Одною из особенностей моего детства было то, что я отважно вступал в споры со взрослыми. В то время среди крестьян (посетителей нашей кузницы) стало модно неверие в Бога. И когда я слышал такие утверждения, яро вступал в спор со взрослыми. Я защищал религию и, благодаря своей начитанности и бойкому языку, ставил своих оппонентов в затруднительные положения. Ян был иного склада, склонный к атеизму. Но в одном мы сходились, в чем и признались друг другу: нам все время казалось, что окружающая обстановка и скромная жизнь при кузнице в обществе крестьян не соответствовала нашей сущности и что мы когда-то занимали совершенно другое, более высокое положение. И когда мне попались книги, в которых проводилась идея перевоплощения, как, например, в романах Крыжановской, то я мгновенно и бесповоротно воспринял идею перевоплощения непоколебимо и навсегда. Идея перевоплощения стала основой моего мировоззрения.
ШКОЛА
Я стал посещать начальную школу. Вскоре учитель убедился, что я способен и очень легко овладеваю программой первого класса. Тогда он пересадил меня ко второзимникам, т. е. перевел во второй класс, но так как преподавание велось главным образом на русском языке (латышскому отводилось несколько часов в неделю), то оказалось, что отсутствие предварительного знания русского не позволит продолжить образование, и я возвратился в первый класс. Проучившись зиму, я в какой-то мере овладел зачатками русского языка.
Во время каникул меня мучила жажда чтения, но книг не было или, вернее, были давно прочитанные по несколько раз. Тогда я обратился к учителю своей школы с просьбой дать мне что-нибудь почитать. Он стал давать мне книги из школьной библиотеки, целиком составленной из произведений на русском языке. Помню, первую книгу – о рыцаре Гьюго я прочел и почти ничего не понял. Насколько ничтожны были познания русского.
Но все-таки я в ней кое-что уловил. Я попросил другие книги и с каждой все больше и больше понимал смысл. Русско-латышского словаря у меня не было, но по смыслу отдельных фраз я догадывался о значении заключающихся в ней слов. Чтение становилось все увлекательнее, интереснее, и к осени, т. е. ко времени поступления во второй класс школы, я уже понимал все, что читал в небольших, скромных книжечках Сытинского издания.
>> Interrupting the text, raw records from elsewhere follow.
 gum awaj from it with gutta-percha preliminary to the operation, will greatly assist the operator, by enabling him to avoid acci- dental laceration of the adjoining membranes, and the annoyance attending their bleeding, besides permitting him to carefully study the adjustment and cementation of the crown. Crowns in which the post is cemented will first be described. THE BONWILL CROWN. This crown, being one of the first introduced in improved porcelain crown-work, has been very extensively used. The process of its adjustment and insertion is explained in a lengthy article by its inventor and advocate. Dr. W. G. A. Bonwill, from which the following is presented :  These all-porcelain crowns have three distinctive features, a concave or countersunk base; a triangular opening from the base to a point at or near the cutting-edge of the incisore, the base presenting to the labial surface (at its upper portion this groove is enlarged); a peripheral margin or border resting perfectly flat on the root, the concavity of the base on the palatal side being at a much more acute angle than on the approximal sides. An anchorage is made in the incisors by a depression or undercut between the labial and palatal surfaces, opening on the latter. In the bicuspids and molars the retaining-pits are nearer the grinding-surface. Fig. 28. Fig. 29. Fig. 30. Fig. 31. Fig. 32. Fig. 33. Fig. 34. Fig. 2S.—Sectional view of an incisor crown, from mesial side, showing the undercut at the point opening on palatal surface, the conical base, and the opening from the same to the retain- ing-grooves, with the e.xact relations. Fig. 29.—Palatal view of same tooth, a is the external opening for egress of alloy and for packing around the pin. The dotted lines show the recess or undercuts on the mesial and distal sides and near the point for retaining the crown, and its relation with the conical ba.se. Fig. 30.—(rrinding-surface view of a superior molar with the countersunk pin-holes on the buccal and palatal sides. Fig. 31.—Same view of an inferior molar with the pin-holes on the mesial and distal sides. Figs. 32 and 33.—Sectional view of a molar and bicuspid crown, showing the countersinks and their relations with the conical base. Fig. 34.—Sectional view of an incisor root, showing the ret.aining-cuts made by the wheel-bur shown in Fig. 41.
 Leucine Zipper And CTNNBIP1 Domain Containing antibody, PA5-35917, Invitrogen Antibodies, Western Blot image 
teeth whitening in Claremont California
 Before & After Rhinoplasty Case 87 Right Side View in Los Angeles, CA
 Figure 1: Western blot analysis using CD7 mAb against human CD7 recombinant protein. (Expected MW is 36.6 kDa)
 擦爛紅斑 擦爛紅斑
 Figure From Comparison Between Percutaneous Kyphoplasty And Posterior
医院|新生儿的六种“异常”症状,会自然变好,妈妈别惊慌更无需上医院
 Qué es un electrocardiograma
В дальнейшем русский язык стал для меня вполне понятным и любимым.
Русско-японская война всколыхнула русскую интеллигенцию. В крестьянстве пошли толки о глупо затеянной и ненужной войне, о бездарности царского правительства и бестолковых военачальниках. Потом стали на хуторах находить кем-то подброшенные листовки социалистов, которые находили живейший отклик в крестьянстве, рабочих и батраках. Это было в мои школьные годы. Я жадно читал листовки и заучивал доходившие до меня, революционные песни. Помещики стали обзаводиться телохранителями, а потом на ночном небе стали появляться зарева пожара. Кто-то поджигал имения немецких баронов, которые с семьями проносились по дороге в города.
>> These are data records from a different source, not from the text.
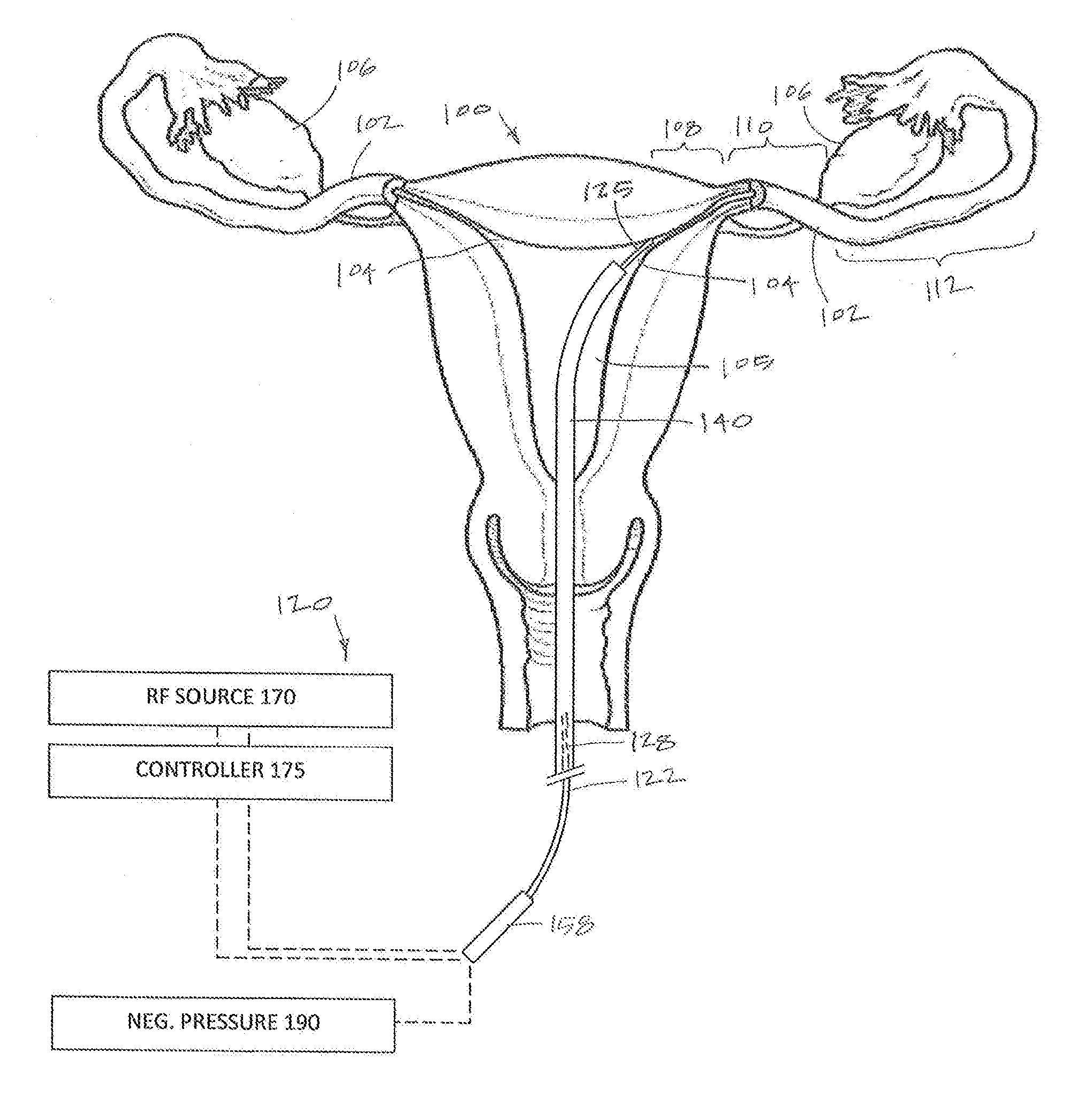 Systems and methods for permanent female contraception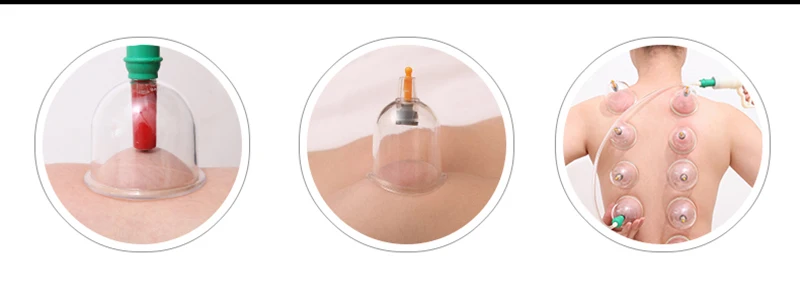 Vacuum cupping apparatus for home use  Suction cupping  Invigorate the circulation of blood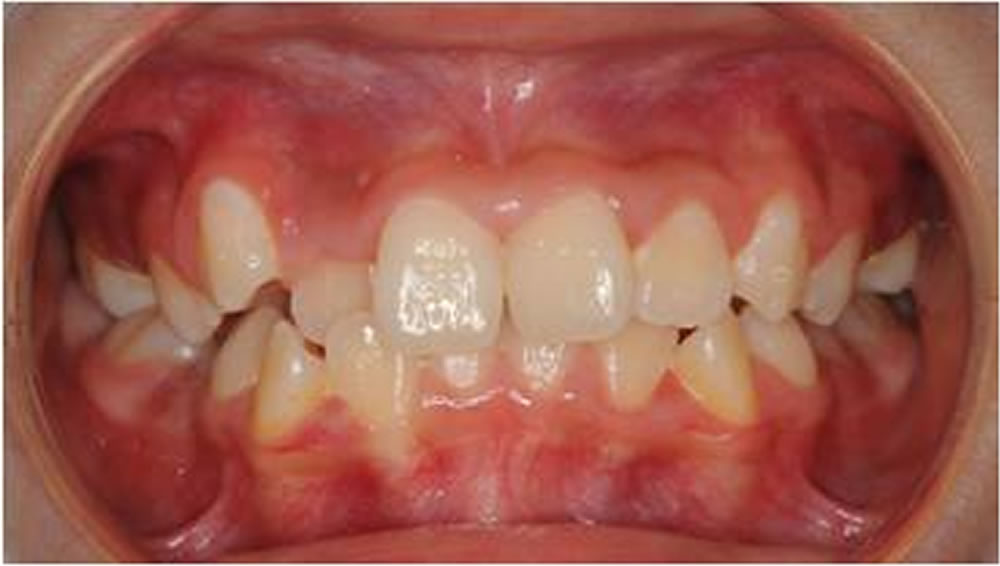 小児矯正開咬症例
Грабежа имений в буквальном смысле не было, в горящем пламени появлялись представители комитетов, социалистического подполья и устраивали аукционы на оставленное бароном имущество, по дешевке распродавая его окружающим крестьянам.
Вместо волостных правлений создавались народные комитеты, в члены которого, между прочим, был выбран и мой отец, но дальше этого дело не шло. Неумелое крестьянское восстание было подавлено казачьими карательными отрядами. Никто этим отрядам организованного сопротивления не оказывал. Они пороли крестьян, заставляли их возвращать купленное по дешевке на аукционах имущество и восстанавливали помещиков в их прежнем положении.